Yes, there are passages which are difficult.  However, in my submission, at the end of the day your Honours can be confident that ultimately what his Honour Justice Livesey did do was compliant with the principles authoritatively stated in M.  The last paragraph I wanted to take your Honours to, of course, was 504.  Again:

And, with respect, I agree with his treatment and findings.

If the Court pleases, for those reasons, in my submission, your Honours can be confident that the requisite independent assessment was conducted and the appeal should be dismissed.  If the Court pleases.

GAGELER J:   Thank you, Mr Hinton.  Mr Game.

MR GAME:   Just a couple of points.  The constant emphasis on the jury being entrusted with primary responsibility just throws up a cloud of real uncertainty because what is being put by Mr Hinton is that this is part of the first question as to whether or not the court has a doubt.  But how could that possibly be the case?  But not only that, what it is being used for, in this case, is something concrete, which is do not get engaged in drawing inferences, and that hurts – and that really undermines the whole exercise. 

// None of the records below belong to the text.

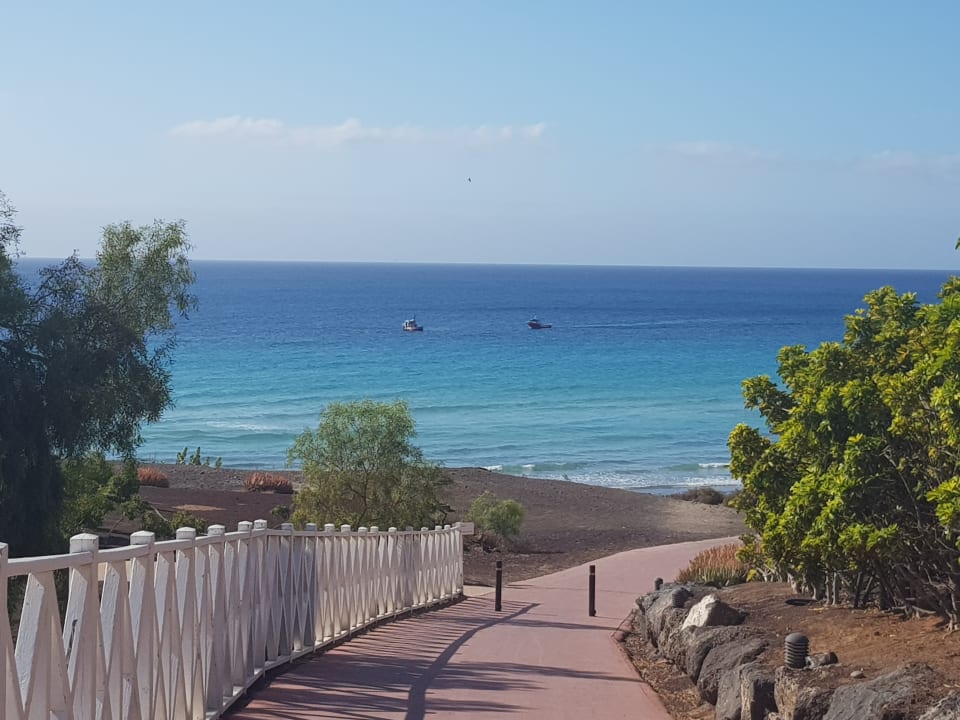 Gartenanlage Iberostar Waves Gaviotas Park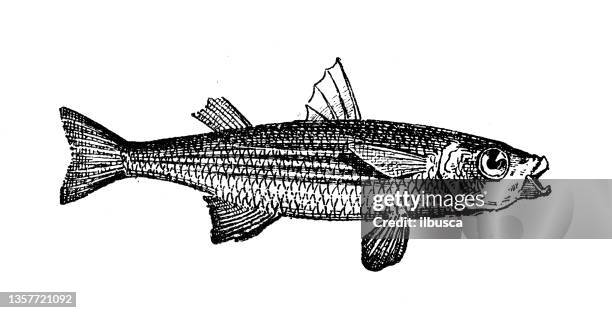 antique illustration: mullet - mullet fish stock illustrations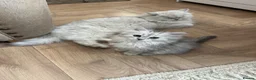 British Longhair cats for sale: British longhair cross kittens  - Advert 2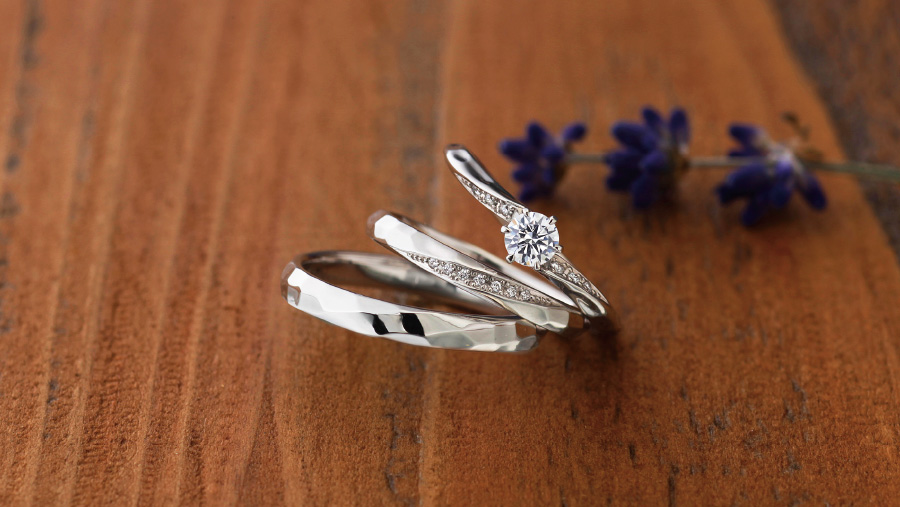 ビバーナムイメージ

Yes, your Honour Justice Gageler, if you go back to paragraph 422, what his Honour is doing is going through what the judge said bit by bit and trying to see whether or not this error in particular seems this way or that way.  When one lands at a point – say, my independent review – what does agreement mean when you have precluded consideration of inferences?  Paragraphs 477 to 487are not dealing with defence inferences.

Moreover, he eschews dealing with defence inferences and if they were dealing with defence inferences they would not be dealing with them in any adequate sort of a way.  You will not find that in 477 to 481.  Nor is, in 491, his Honour pulling together inferences.  It is not.  Four or five of the things are just statements of fact.

I think we started by accepting that there are bits and pieces of this judgment where his Honour said, “I did not engage in independent assessment,” but looking at the thing overall, one can see what the thrust of the thing is, is that, “I am staying out of the drawing of inferences.  That is for the trial judge.  Discrete findings of fact.  I am looking at what those findings affect and asking myself whether or not they were open to the judge.”  It does not lead to the same outcome. 

So we say – and most importantly you will not find in this judgment anywhere the consideration of the hypothesis consistent with innocence put and addressed.  As I said, we saw the way in which Justice Nicholson dealt with it.  It does not have to be precisely the same, but it has to be dealt with and it was not.  If the Court pleases.

GAGELER J:   Thank you, Mr Game.  The Court will reserve its decision in this matter and will adjourn until 9.30 am tomorrow for the pronouncement of orders, and otherwise until 10.00 am.